▸ **Your task**: Omit all images, then repeat exactly the lines below from the one containing "PlayStation 4 Pro" through the one containing "77-77-byby 现场聊天室", both ends included.

▸ **Records supplied**:
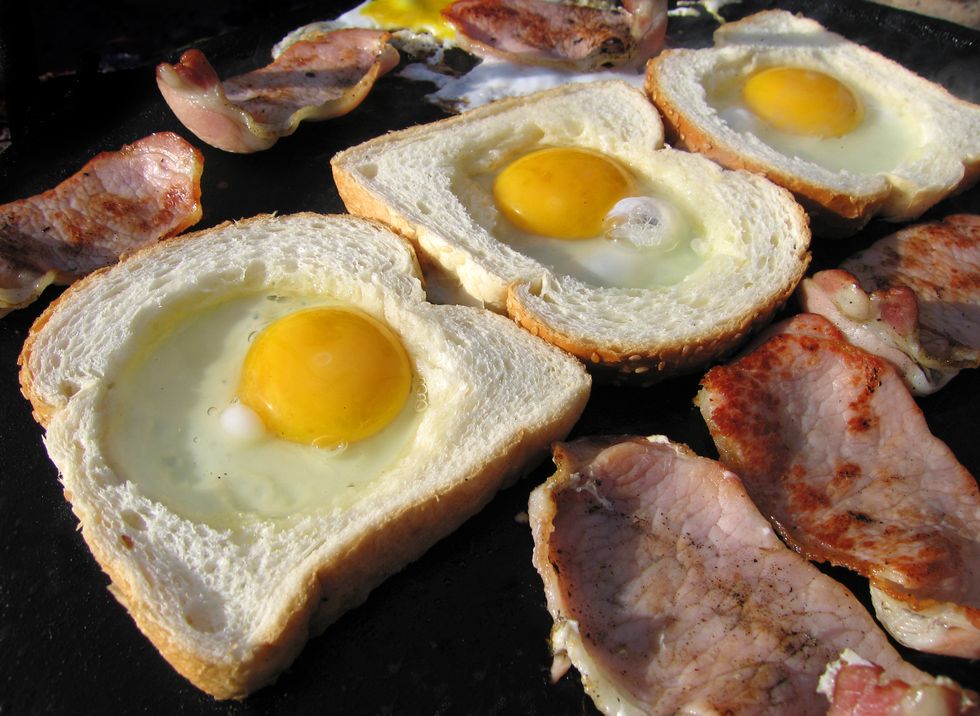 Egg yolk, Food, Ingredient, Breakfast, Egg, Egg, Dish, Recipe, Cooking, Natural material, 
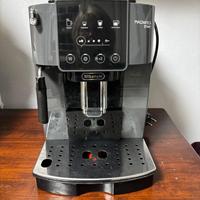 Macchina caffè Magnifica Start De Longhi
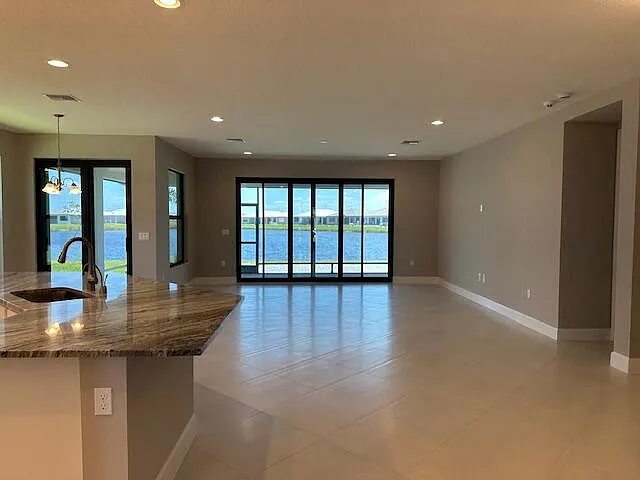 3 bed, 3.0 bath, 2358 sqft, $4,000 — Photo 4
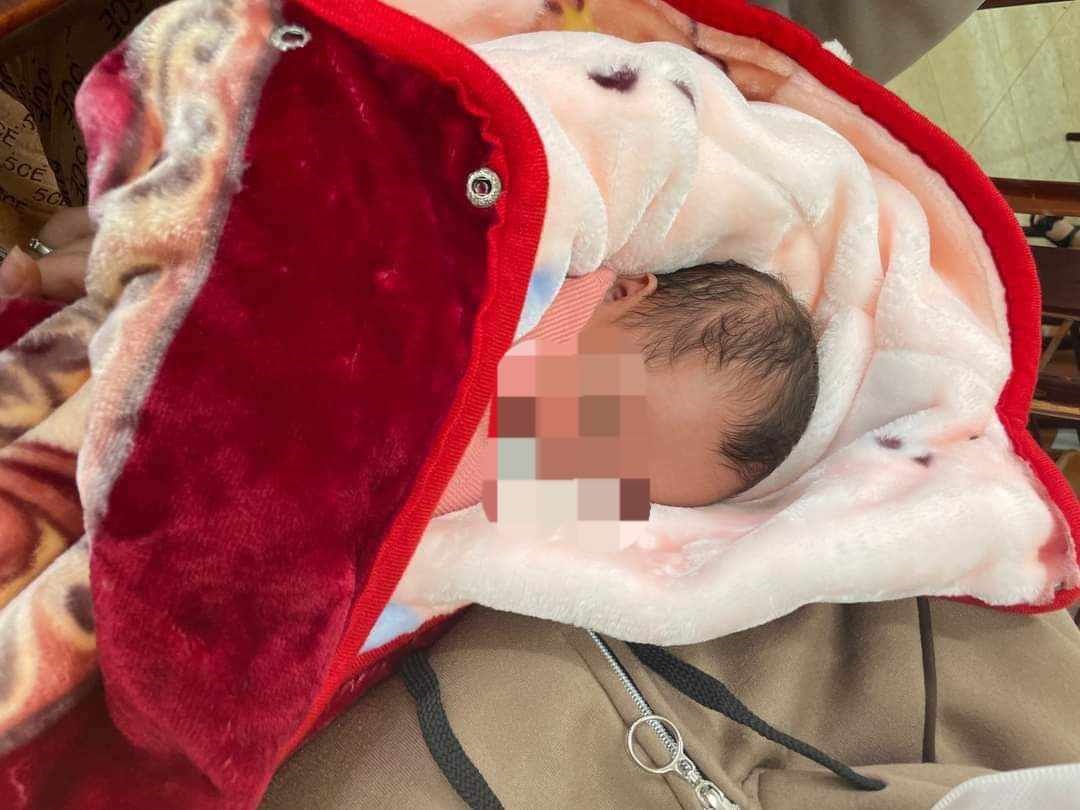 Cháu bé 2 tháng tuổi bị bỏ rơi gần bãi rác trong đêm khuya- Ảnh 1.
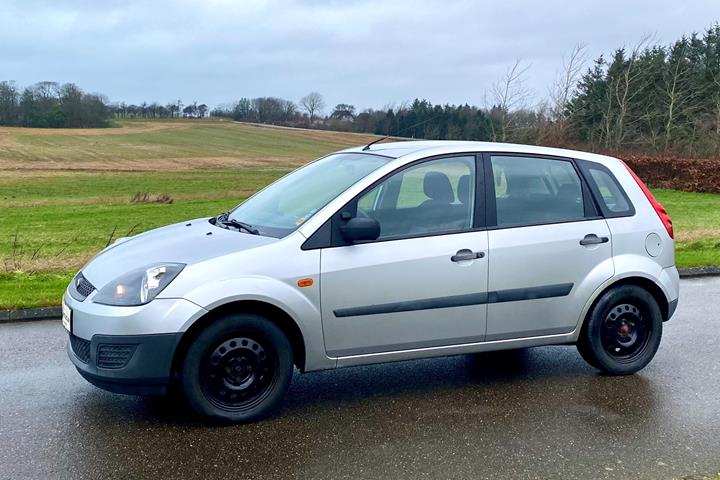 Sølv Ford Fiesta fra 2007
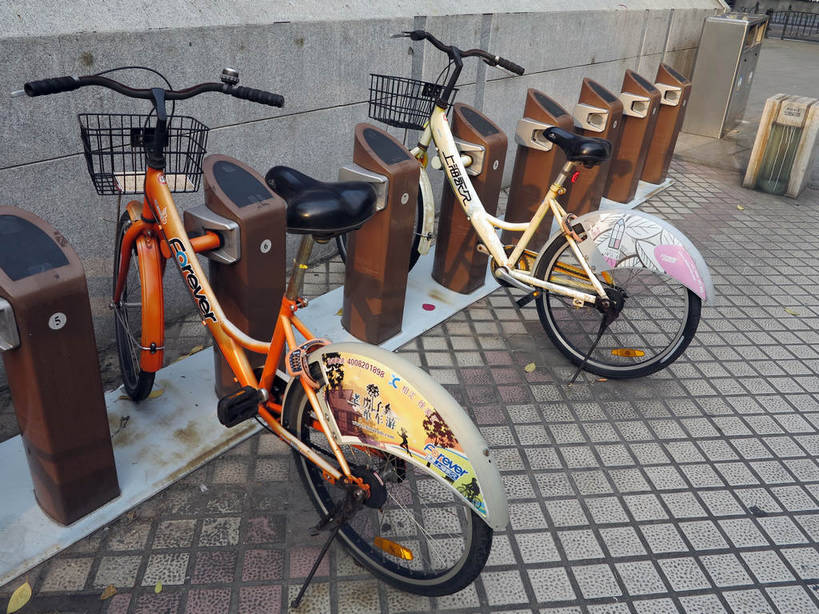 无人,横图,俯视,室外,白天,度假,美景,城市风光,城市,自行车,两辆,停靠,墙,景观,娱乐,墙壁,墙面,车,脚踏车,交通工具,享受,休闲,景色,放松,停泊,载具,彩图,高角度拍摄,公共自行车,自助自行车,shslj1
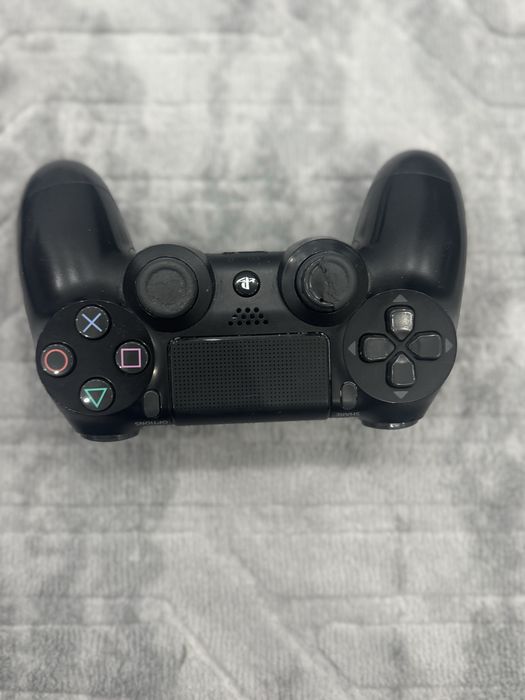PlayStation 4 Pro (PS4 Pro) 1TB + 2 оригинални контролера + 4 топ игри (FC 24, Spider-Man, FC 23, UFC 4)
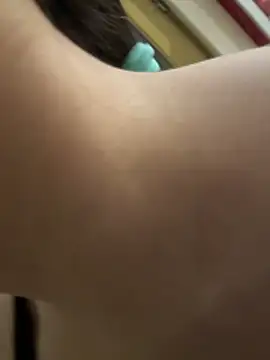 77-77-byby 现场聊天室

--

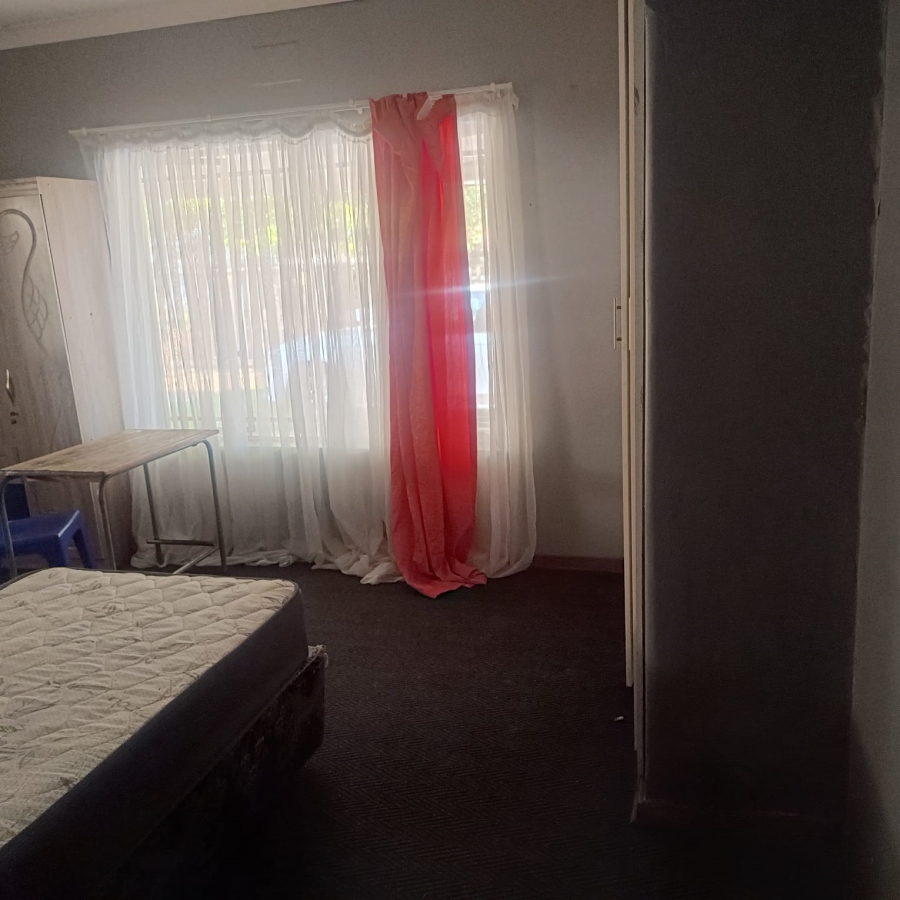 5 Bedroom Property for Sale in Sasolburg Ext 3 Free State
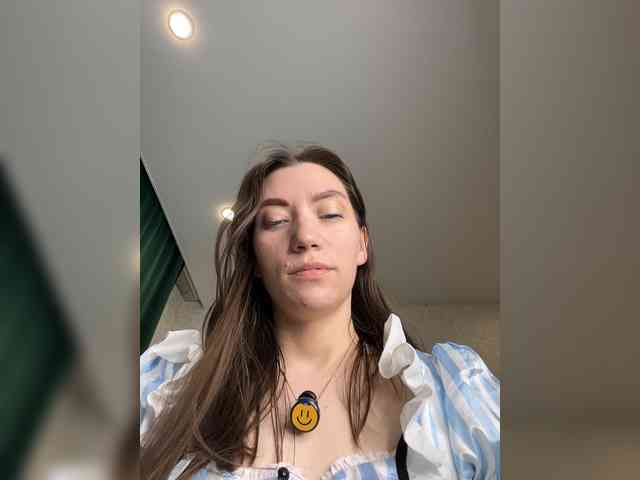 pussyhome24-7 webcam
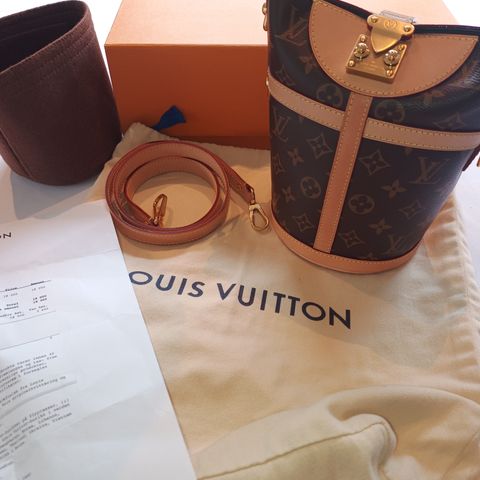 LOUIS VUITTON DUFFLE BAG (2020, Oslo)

==

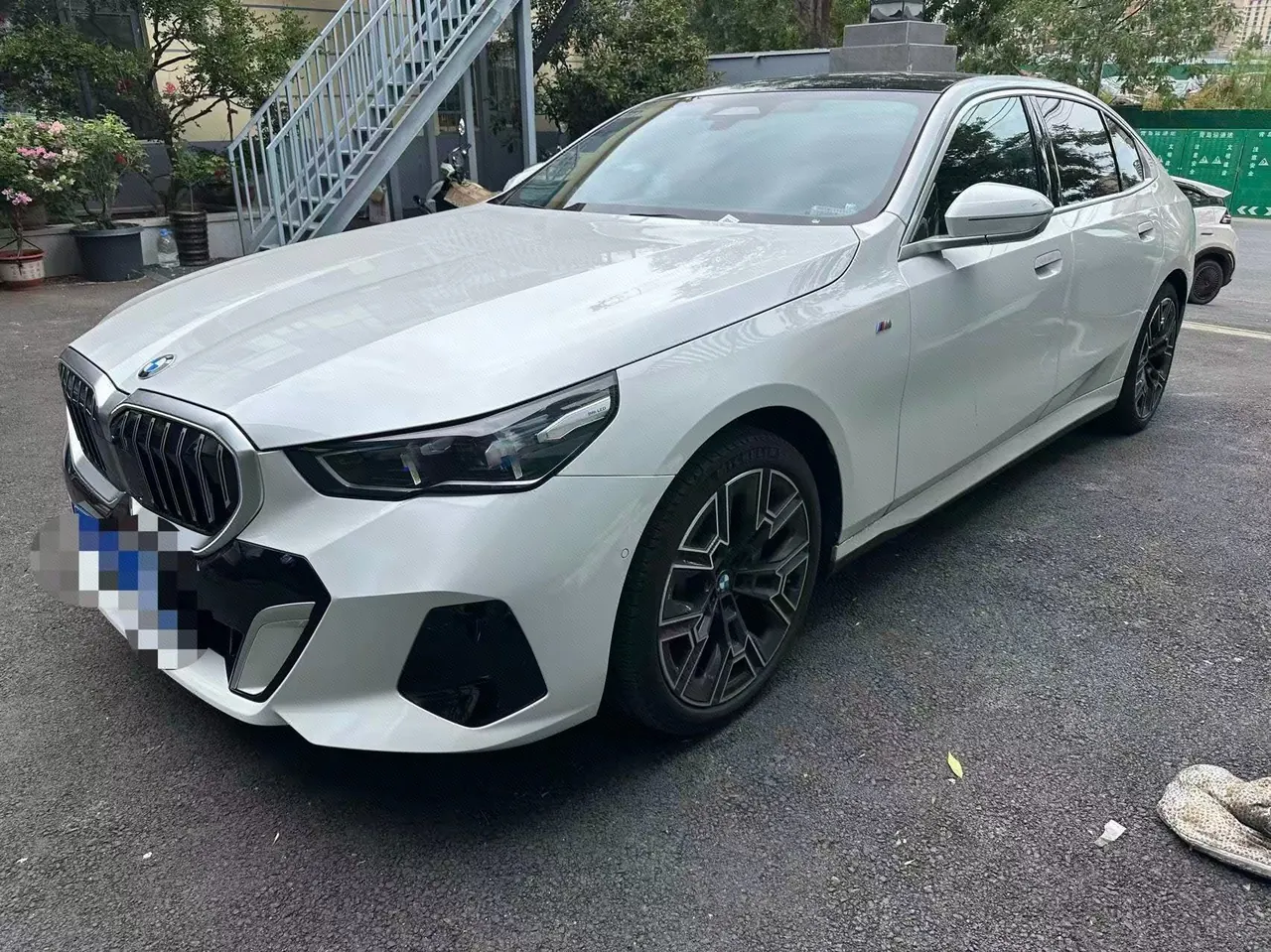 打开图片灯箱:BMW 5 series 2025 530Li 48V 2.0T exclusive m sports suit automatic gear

▸ **Output**:
PlayStation 4 Pro (PS4 Pro) 1TB + 2 оригинални контролера + 4 топ игри (FC 24, Spider-Man, FC 23, UFC 4)
 77-77-byby 现场聊天室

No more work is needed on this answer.